To be oblique: There’s a reason PPP is trying to figure out how to include cell phone users in its surveys. To be blunt: The small number of non-white and young voters renders their polling inaccurate, and they know it. In the interim, they’ll play around with the weights until the final result looks right. I’m cautiously hopeful that incorporating cell phone voters will improve PPP’s samples to the point that they don’t need to engage in these distorting weighting practices.
On the other hand, these methodological quirks only move the needle so far. Weighting within wide “target ranges” gives PPP the power to fiddle with the result, but perhaps only by about 6 points at most—and mainly in racially polarized state like Georgia. And in the narrowest yet most important sense, PPP is still conducting a “survey”—they’re actually calling voters, who are actually giving them real responses. So if PPP puts out a survey showing a close race, it’s pretty likely that the race is relatively close. And conversely, if PPP puts out a survey showing a blowout, the race is probably a blowout.

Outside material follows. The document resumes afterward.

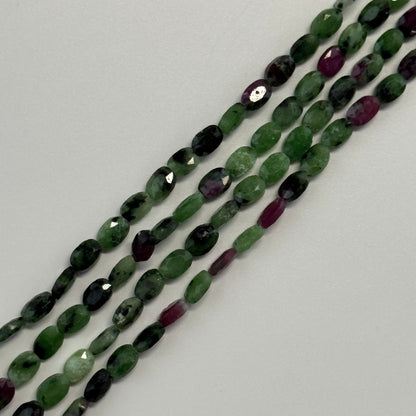 Ruby Zoisite Double Sided Faceted Oval Gemstone Beads - (AB Quality)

So what’s the solution? Treat PPP like a relatively inaccurate pollster. Like Rasmussen, PPP's numbers aren’t irrelevant: if they show a 20 point lead somewhere, the race probably isn’t close; if they show a close race, the contest might be competitive. But when it comes to the details, the result is mainly a reflection of PPP’s assumptions. If PPP’s assumptions were consistent and well-understood, that would be acceptable if still contestable. The problem is that the assumptions are in constant flux—so much so that they can’t really be understood as “assumptions” at all. Instead, weighting looks more like a tool that PPP uses to get the result it wants. At the very least, PPP’s stated explanation of its own approach is highly consistent with that possibility.